Outro fato importante é o que vem sendo frequentemente denunciado pelo Jornalista Claudio Humberto, de Brasília, sobre os nefastos acordos firmados pelo governo para importação, com alíquota zero, de etanol de milho proveniente dos Estados Unidos e que é altamente poluidor, em detrimento da produção do etanol saudável do Nordeste. Neste caso particular, pelo menos duas coisas saudáveis iriam ocorrer com a suspensão das importações ou a imposição de uma taxa elevada sobre essas importações: geração de receita financeira e estímulo ao produtor nordestino de etanol, salvando-o de uma possível quebradeira. Acontece que parece não existir interesse político para este problema que afeta a estrutura econômica do país, concorrendo para o aumento da desigualdade regional e de renda.

A questão fiscal, pela sua complexidade, não pode ser resolvida com improvisações mediante o estabelecimento de medidas emergenciais como a que estão sendo tomadas.
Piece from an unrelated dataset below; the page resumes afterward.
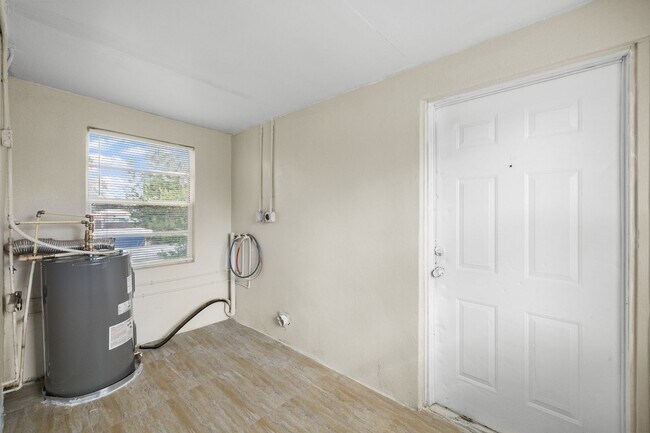 Building Photo - 1116 Upton Ct S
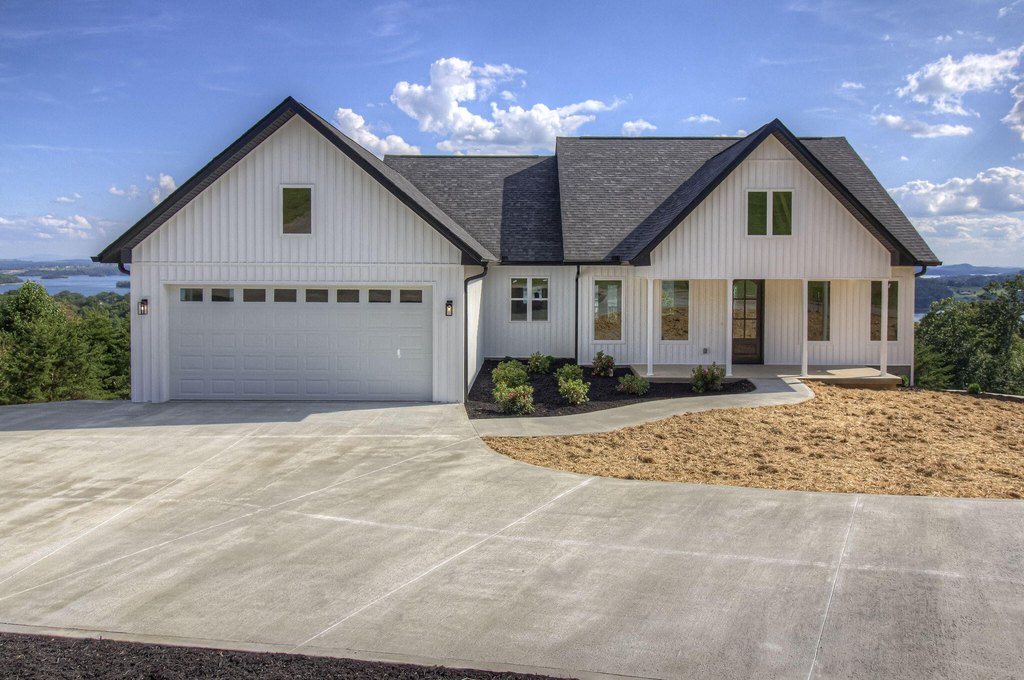 Bean Station, Tennessee, 37708, United States, 3 Bedrooms Bedrooms, ,2 BathroomsBathrooms,Residential,Forsale,1941404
Já está na hora do Governo acordar para a realidade e criar mecanismos sérios e consistentes de ajuste de suas receitas que, sem penalizar os pobres, equilibre o seu orçamento. O que não é justificável é que todo o esforço atualmente empreendido pelo governo para geração de receita extra venha cair nas costas dos segmentos mais baixos da escala social.

Se não bastassem os sérios problemas financeiros que o Governo vem enfrentando ao longo destes últimos treze meses e relacionados com o déficit fiscal a crise da Previdência Social, o Ministério Público de maneira insensível à realidade financeira do País e num total desrespeito aos 14 milhões de desempregado e à própria sociedade a quem cabe, no final, pagar toda a conta, resolve pleitear um reajuste de seus já polpudos salários (fora outros privilégios que gozam indiretamente) da ordem de 16,7%, quatro vezes superior ao valor da inflação esperada para 2017. Pleito desta natureza deixa evidente que não existe por parte dessa nobre classe social, qualquer preocupação com o esforço que o Governo vem empreendendo para equilibrar as contas públicas. A arrogância dos que compõem o Ministério Público ao propor um reajuste desta natureza deixa transparecer duas coisas: que o problema fiscal não lhes diz respeito e que somente eles é que têm barriga. Ou seja, recessão, pobreza e desemprego é problema do Governo, não deles. Com atitudes dessa natureza, fica muito difícil tirar o Brasil da crise.